Data to process |
* * * * *

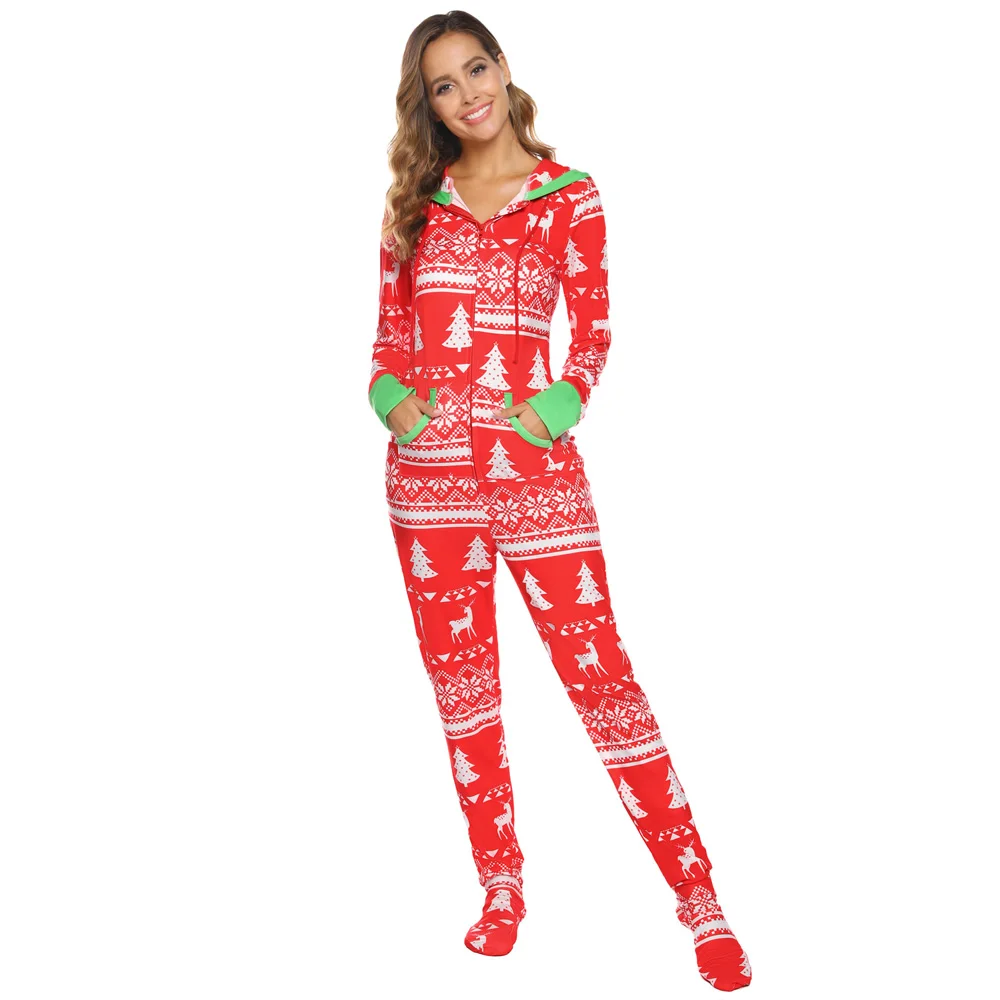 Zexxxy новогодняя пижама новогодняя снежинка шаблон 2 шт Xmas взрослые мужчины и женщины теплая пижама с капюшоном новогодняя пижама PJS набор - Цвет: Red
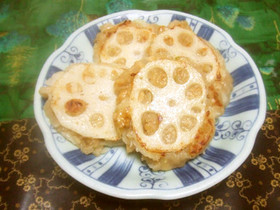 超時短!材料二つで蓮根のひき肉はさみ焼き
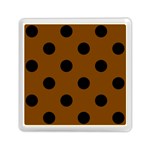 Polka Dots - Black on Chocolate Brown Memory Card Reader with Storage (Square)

* * * * *

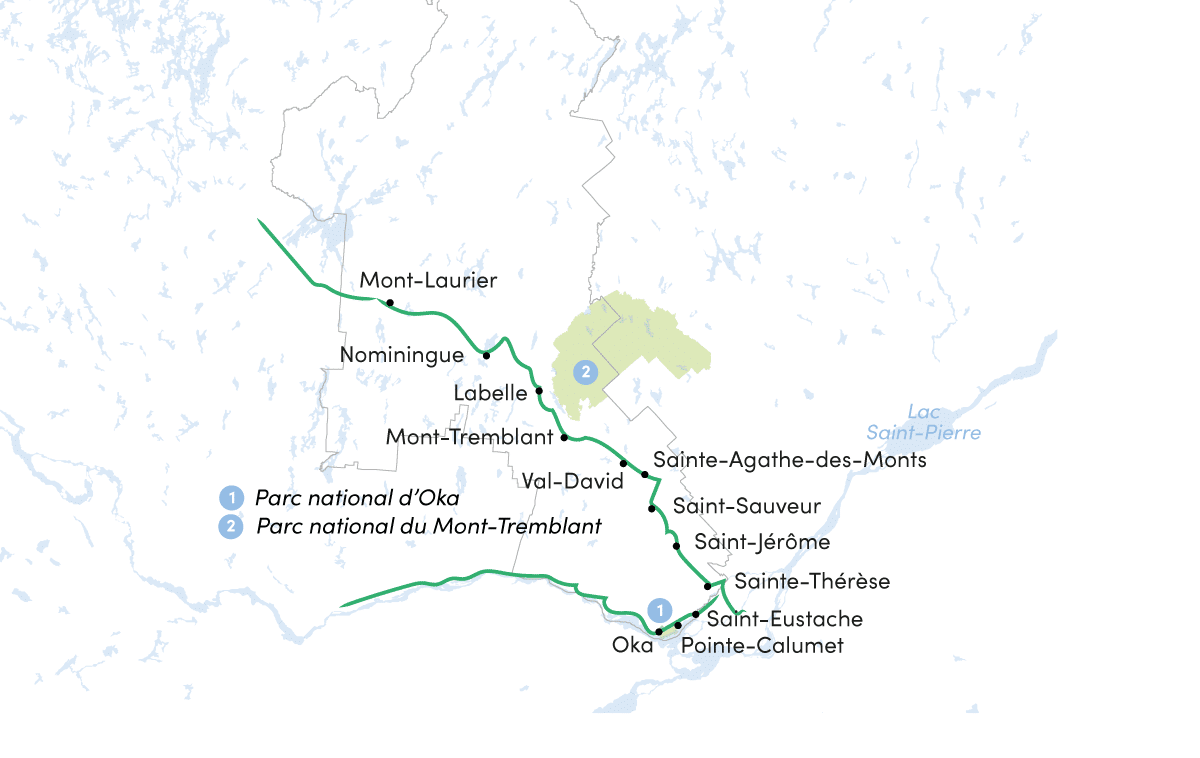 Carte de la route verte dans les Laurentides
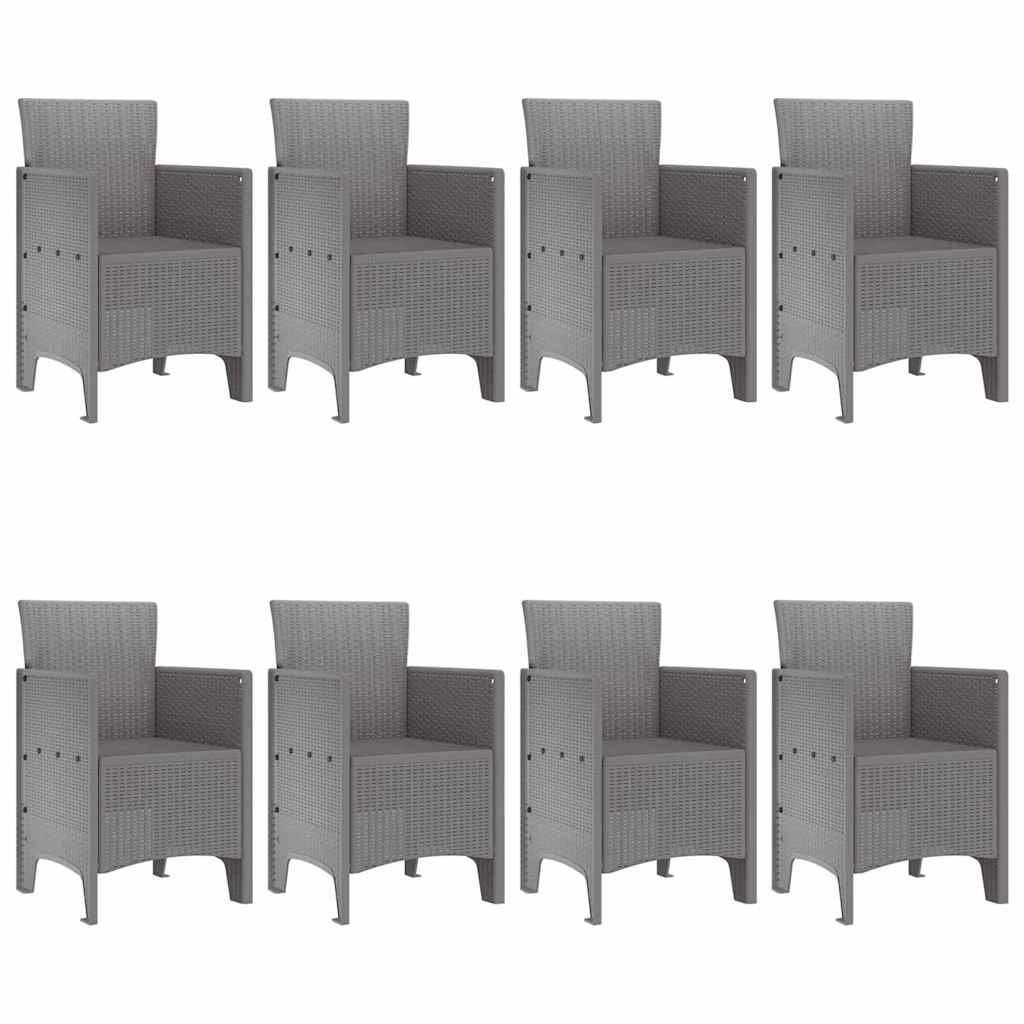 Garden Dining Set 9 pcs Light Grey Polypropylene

* * * * *

Problem to work on | Taking the entries above, copy word for word the lines from the one with "Zexxxy новогодняя пижама" up to and including the one with "Polka Dots - Black", without any picture.

Output below |
 Zexxxy новогодняя пижама новогодняя снежинка шаблон 2 шт Xmas взрослые мужчины и женщины теплая пижама с капюшоном новогодняя пижама PJS набор - Цвет: Red
 超時短!材料二つで蓮根のひき肉はさみ焼き
 Polka Dots - Black on Chocolate Brown Memory Card Reader with Storage (Square)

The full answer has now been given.